12. The circuit according to claim 9, wherein at least one NOR gate
in an RS flip-flop comprises three p-type transistors, and wherein
a gate of a first p-type transistor is one input terminal of a NOR
gate, a first terminal of the first p-type transistor receives a
first voltage signal, and a second terminal of the first p-type
transistor is connected to a first terminal of a second p-type
transistor; a gate of the second p-type transistor is another input
terminal of the NOR gate, and a second terminal of the second
p-type transistor is an output terminal of the NOR gate; a
substrate of the first p-type transistor is connected to a
substrate of the second p-type transistor and receives the first
voltage signal; a gate of a third p-type transistor is connected to
a first terminal of the third p-type transistor and receives a
second voltage signal, and a second terminal of the third p-type
transistor is connected to a substrate of the third p-type
transistor and is the output terminal of the NOR gate; and a
voltage level of the first voltage signal is higher than a voltage
level of the second voltage signal.
13. The display device according to claim 8, wherein each RS
flip-flop comprises three NOR gates, and wherein one input terminal
of a first NOR gate is an R terminal of the RS flip-flop, another
input terminal of the first NOR gate is connected to an output
terminal of a second NOR gate, and an output terminal of the first
NOR gate is a Q terminal of the RS flip-flop; and one input
terminal of the second NOR gate is connected to the output terminal
of the first NOR gate, another input terminal of the second NOR
gate is connected to an output terminal of a third NOR gate, and
the output terminal of the second NOR gate is a terminal of the RS
flip-flop; and one input terminal of the third NOR gate is the R
terminal of the RS flip-flop, and another input terminal of the
third NOR gate is an S terminal of the RS flip-flop.

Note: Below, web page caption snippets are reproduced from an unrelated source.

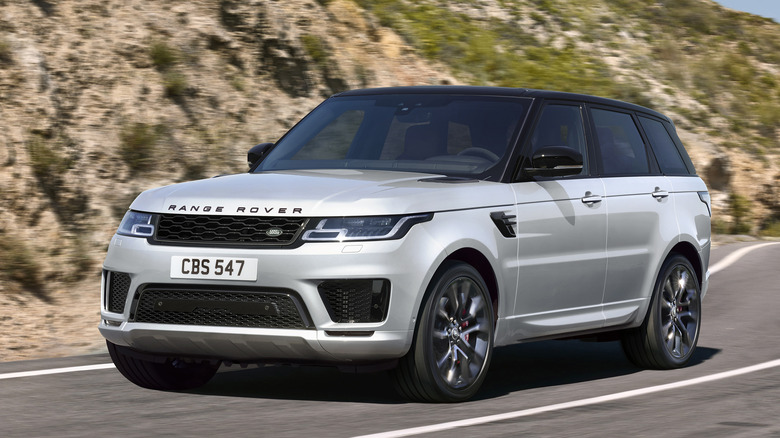 white and black Range Rover Sport on mountain highway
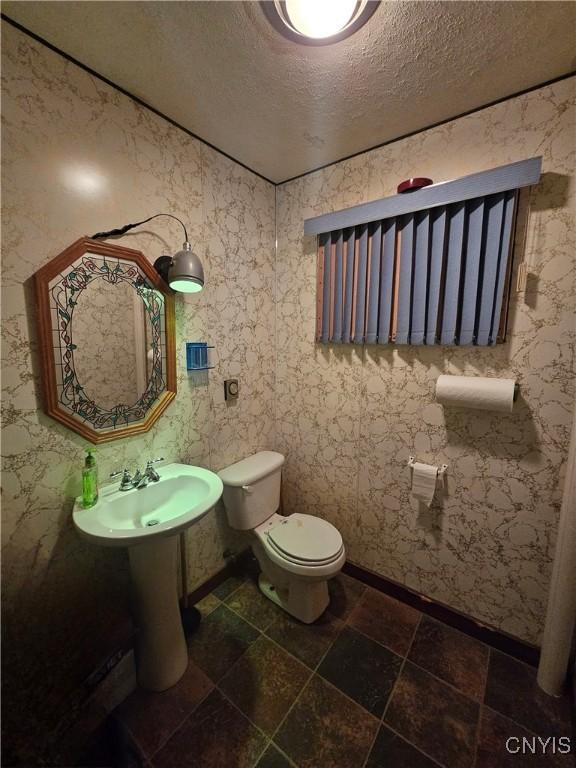 bathroom with a textured ceiling and toilet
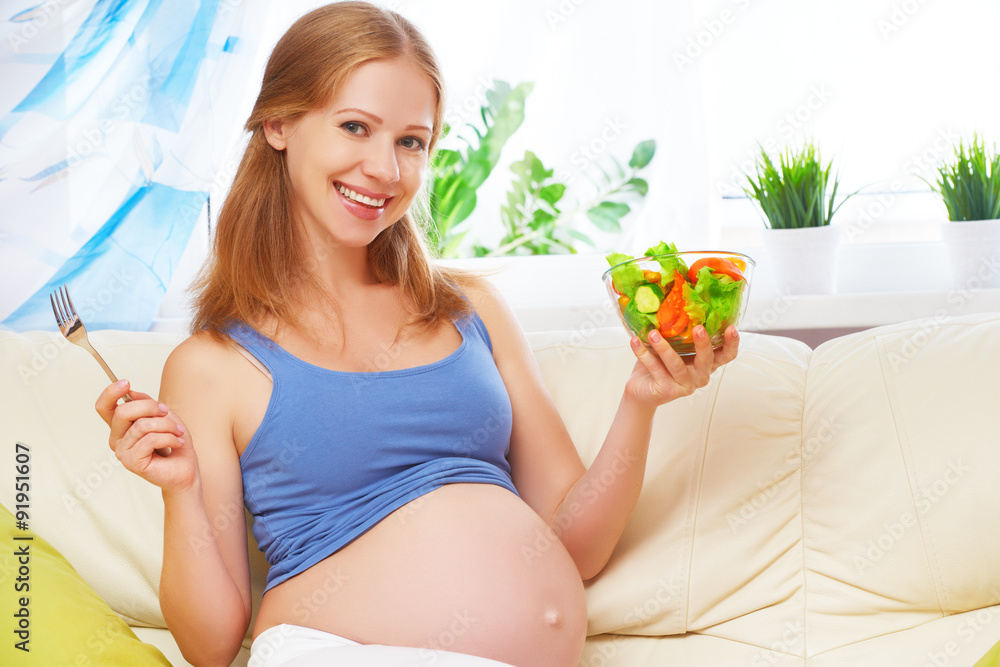 happy pregnant woman eats healthy food vegetable salad happy pregnant woman eats healthy food vegetable salad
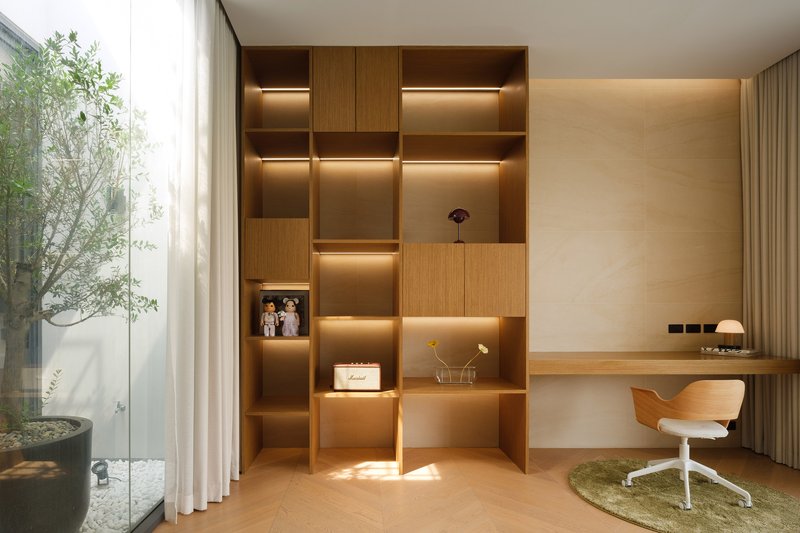 Study nook with illuminated timber shelving and view to the planted courtyard through glass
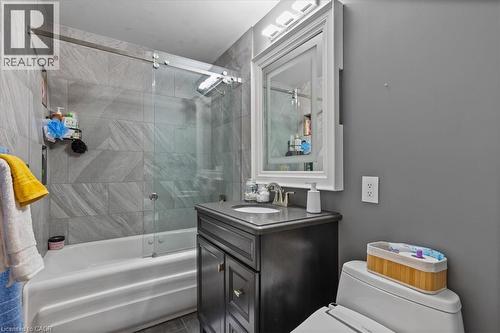 Full bathroom with enclosed tub / shower combo and vanity - 50 Grove Crescent, Brantford, ON - Indoor Photo Showing Bathroom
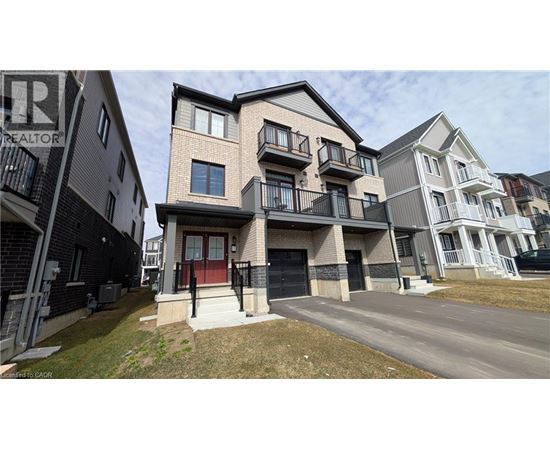 A row of modern townhouses with balconies and garages.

14. The display device according to claim 13, wherein at least one
NOR gate in an RS flip-flop comprises two p-type transistors and
two n-type transistors, and wherein a gate of a first p-type
transistor is one input terminal of a NOR gate, a first terminal of
the first p-type transistor receives a first voltage signal, and a
second terminal of the first p-type transistor is connected to a
first terminal of a second p-type transistor; a gate of the second
p-type transistor is another input terminal of the NOR gate, and a
second terminal of the second p-type transistor is an output
terminal of the NOR gate; a gate of a first n-type transistor is
connected to the gate of the second p-type transistor, a first
terminal of the first n-type transistor is the output terminal of
the NOR gate, and a second terminal of the first n-type transistor
receives a second voltage signal; a gate of a second n-type
transistor is connected to the gate of the first p-type transistor,
a first terminal of the second n-type transistor is the output
terminal of the NOR gate, and a second terminal of the second
n-type transistor receives the second voltage signal; a substrate
of the first p-type transistor is connected to a substrate of the
second p-type transistor and receives the first voltage signal; a
substrate of the first n-type transistor is connected to a
substrate of the second n-type transistor and receives the second
voltage signal; and a voltage level of the first voltage signal is
higher than a voltage level of the second voltage signal.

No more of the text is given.